Lazarus, a magical addon for Chrome that automatically retypes forums in the event one accidentally hits back, doesn't save this because it doesn't see it as a forum, presumably because it's all uber-custom and stuff. Ugh.

 

Anyway.. On with the post! Again!

 

 

PREFACE: Bare with me. I know this sounds like one of those "remove mod support!" posts. It's not. I assure you, at some point, I do actually request a mod!
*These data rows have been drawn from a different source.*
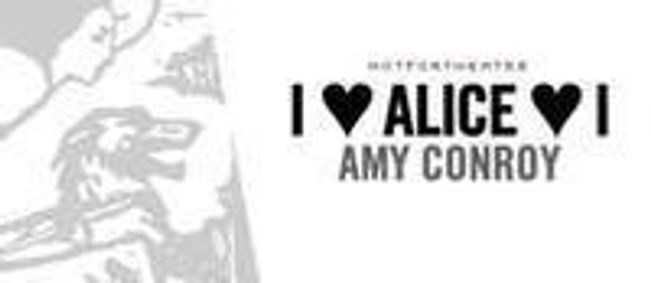 I ? Alice ? I show poster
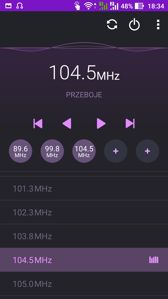 Rejestrator dźwięku | Radio FM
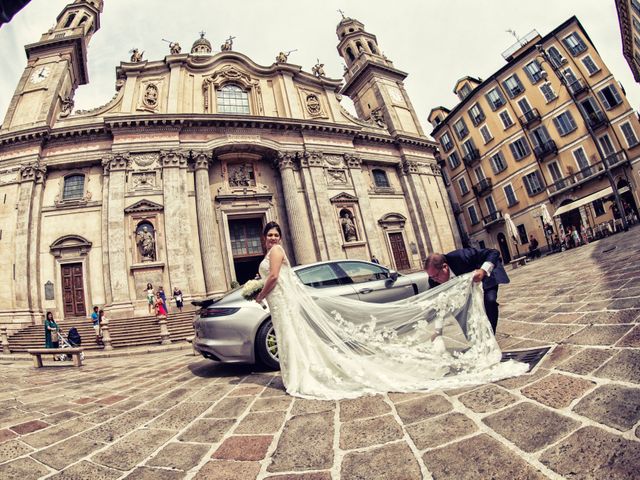 Il matrimonio di Alessandro e Alessandra a Milano, Milano 27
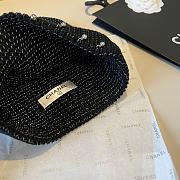 Chanel Beanie Hat Black - 3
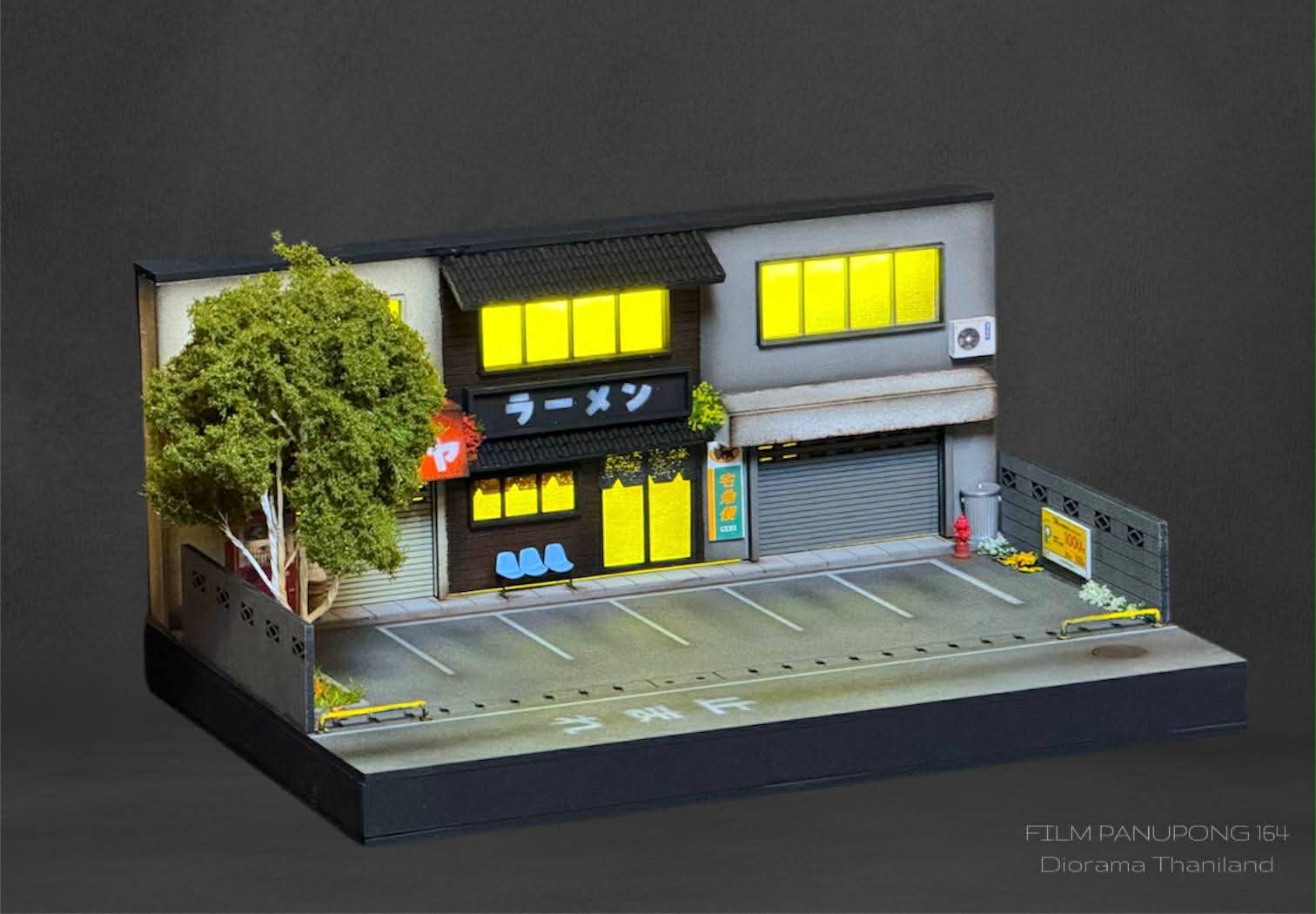 Diorama Top secret scale 1:64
PREFACE II: Please excuse me if I sound a little rough around the edges. I'm not terribly active on the forums, and so far, almost all of my experiences with Don't Starve Together have been very negative. The fun days were very fun, but mostly, they're filled with people who've never played the game before, run in, eat all the food even though their bellies are full, pick all the flowers by the bee boxes and, when told to STOP, they just ask "y" and keep doing what they're doing until I explain which then, of course, means everything's too late. Their only reply is "o" or, if I'm really lucky, "sry", which isn't terribly sincere since they do it three or four more times in the next ten minutes anyway, all while cursing their heads off, yelling racial slurs and calling me harsh, intimate names. I've read a few posts in the forums and I'm pretty sure that this attitude doesn't carry over, but I'm still a little scared. 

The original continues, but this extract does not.